Recorded information:
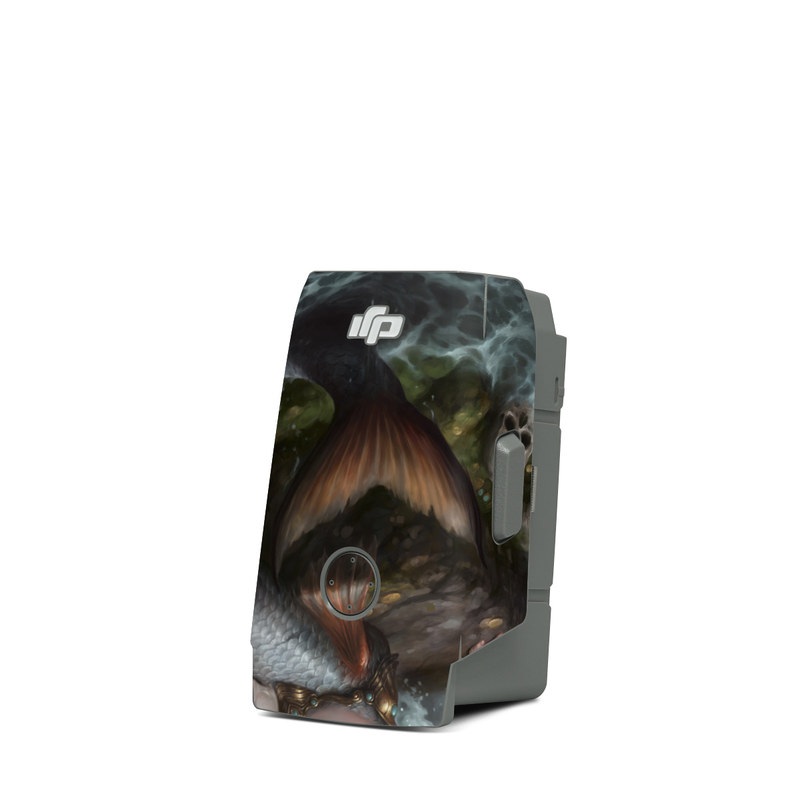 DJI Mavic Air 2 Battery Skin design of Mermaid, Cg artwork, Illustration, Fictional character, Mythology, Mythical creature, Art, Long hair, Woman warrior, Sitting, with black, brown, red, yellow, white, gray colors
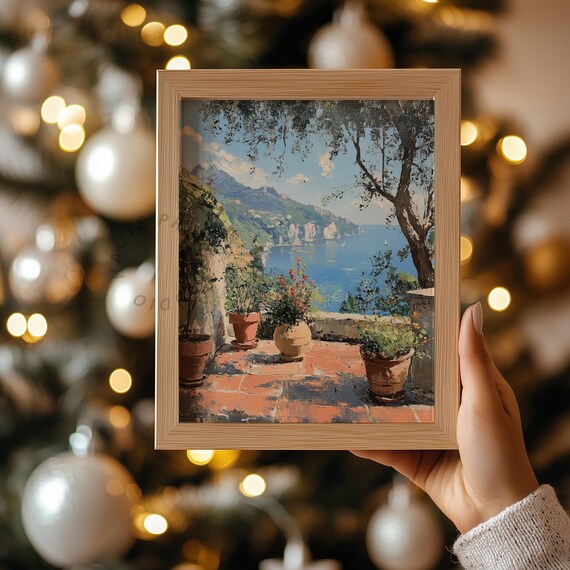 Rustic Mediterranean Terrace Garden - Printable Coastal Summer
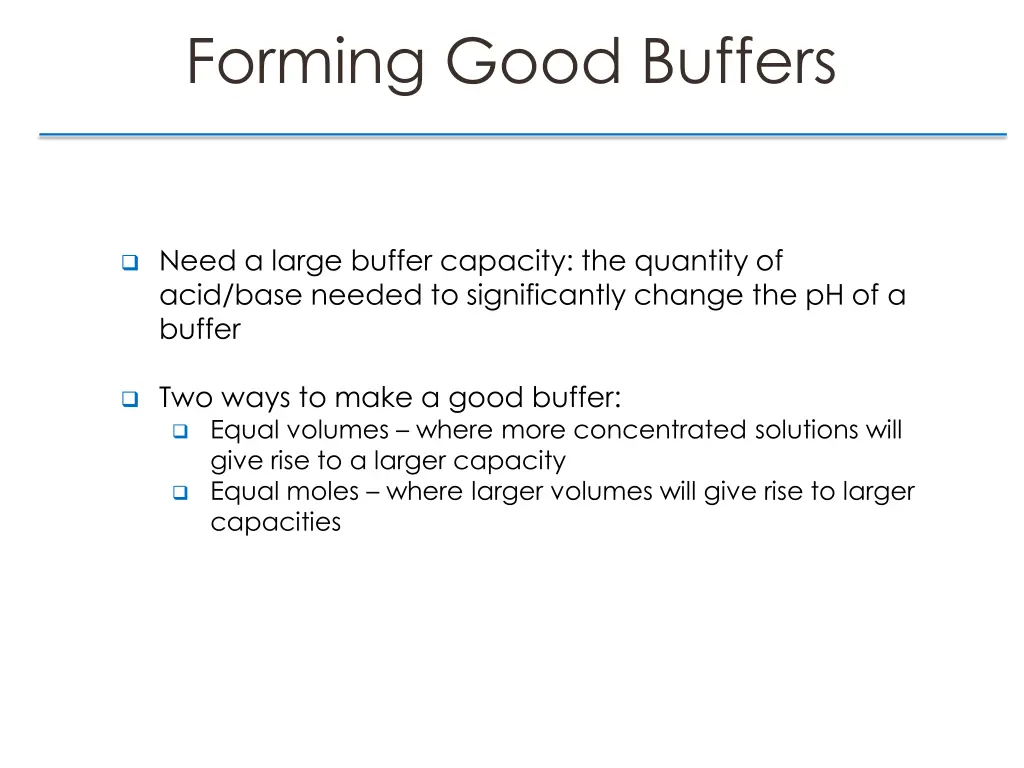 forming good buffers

What you need to do:
The listing is to be repeated exactly, with its pictures removed.

Response for this exercise:
 DJI Mavic Air 2 Battery Skin design of Mermaid, Cg artwork, Illustration, Fictional character, Mythology, Mythical creature, Art, Long hair, Woman warrior, Sitting, with black, brown, red, yellow, white, gray colors
 Rustic Mediterranean Terrace Garden - Printable Coastal Summer
 forming good buffers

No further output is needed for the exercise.